### Data provided
================
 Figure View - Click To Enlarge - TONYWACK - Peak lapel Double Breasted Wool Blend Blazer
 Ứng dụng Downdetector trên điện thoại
================
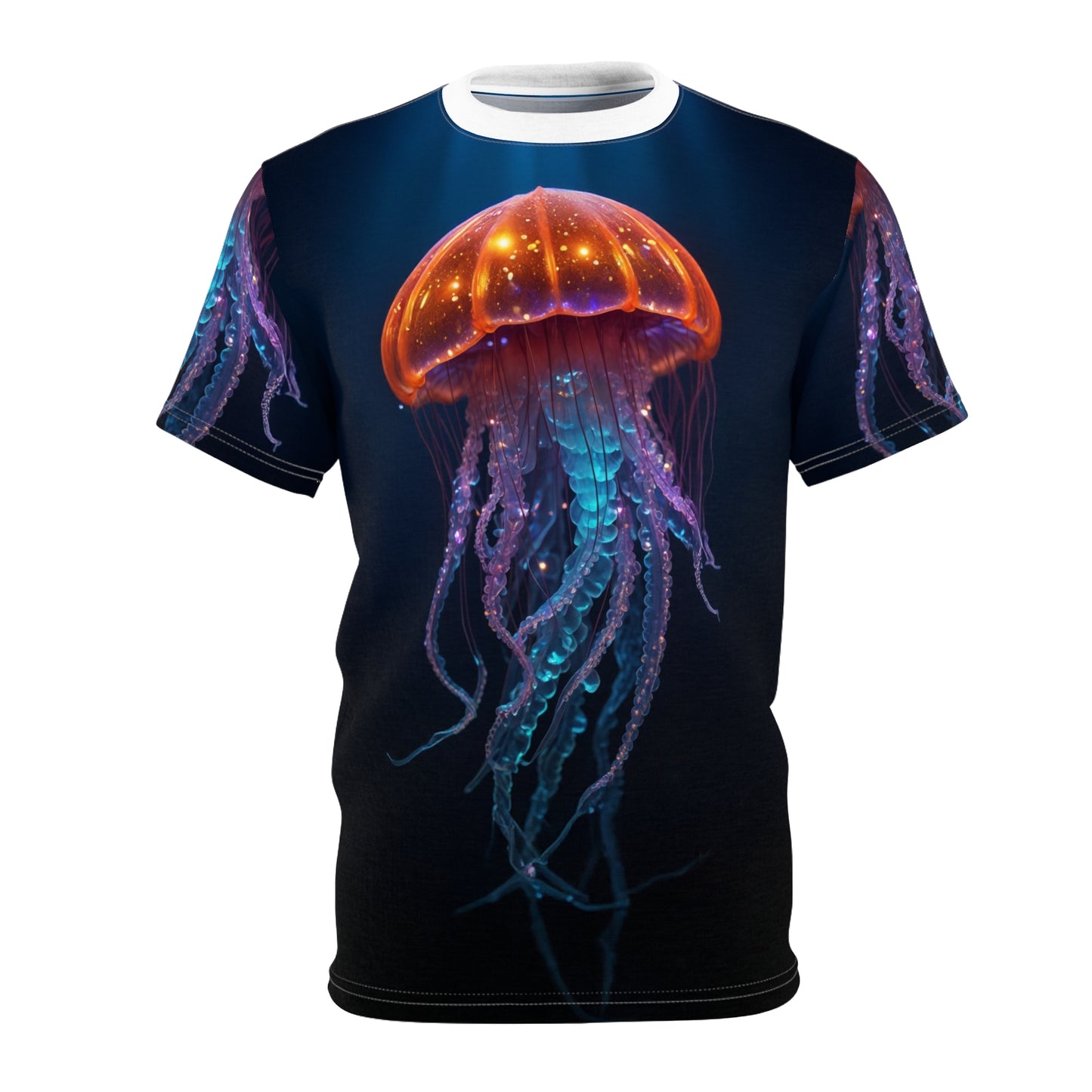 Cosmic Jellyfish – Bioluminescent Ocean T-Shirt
================
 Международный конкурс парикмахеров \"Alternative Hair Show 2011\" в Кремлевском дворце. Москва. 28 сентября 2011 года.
================
### Requirement
Exactly the lines above from the one with "Figure View - Click" to the one with "Ứng dụng Downdetector trên điện thoại", both included, are to be quoted; leave the rest out.

### Task result
 Figure View - Click To Enlarge - TONYWACK - Peak lapel Double Breasted Wool Blend Blazer
 Ứng dụng Downdetector trên điện thoại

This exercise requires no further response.